Sollte schon beim primitivsten Leben der geheimnisvolle Weg nach innen führen?
Humanschäume
Diese Seite des Schaumes beginnt für Sloterdijk mit dem Eintritt in anthropologische und kulturtheoretische Kontexte. Damit ist im Wesentlichen der Zeitabschnitt gemeint, in dem sich das alteuropäische Weltbild der einen Kugel, des einen Gottes, einem von ihm gewollten weltlichen Herrscher mit dem einen für alle und jeden „zugewiesenen“ unverrückbaren Platz abnutzt und aus vielerlei Entwicklungen in ein neues Zeitalter übergeht das man nun „die Moderne“ nennen wird und an dessen Ufern wir heute nach über 500 Jahren stehen. Bald schon spricht man nicht mehr vom Kosmos, vom König-Reich und einer gottgewollten Ordnung, sondern vom Staat, den Bürgern, den „Gesellschaften“.
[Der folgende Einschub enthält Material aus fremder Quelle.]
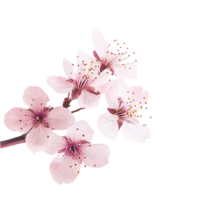 Delicate pink cherry blossom branch on a transparent background, symbolizing spring, renewal, and floral beauty for graphic design elements png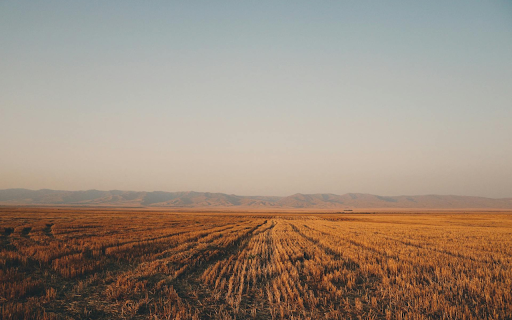 Field after harvest  from Chrome web store to be run with OffiDocs Chromium online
Die Versammlung der zahllosen (eigen-) (endo)kosmischen „Seifenblasen“ (s. die Einstiegsgeschichte in Band I) ist also nicht mehr als der Monokosmos der Metaphysik zu denken, in dem die Fülle des Seienden unter einem allgemeinsamen Logos zusammengerufen wurden.
An die Stelle der philosophischen Über-Seifenblase, der All-Monade der Einen-Welt, dem zentrischen Delirium, tritt eine polykosmische Agglomeration, eine Versammlung von Versammlern als semi-opaker Schaum aus weltbildenden Raumkonstruktionen.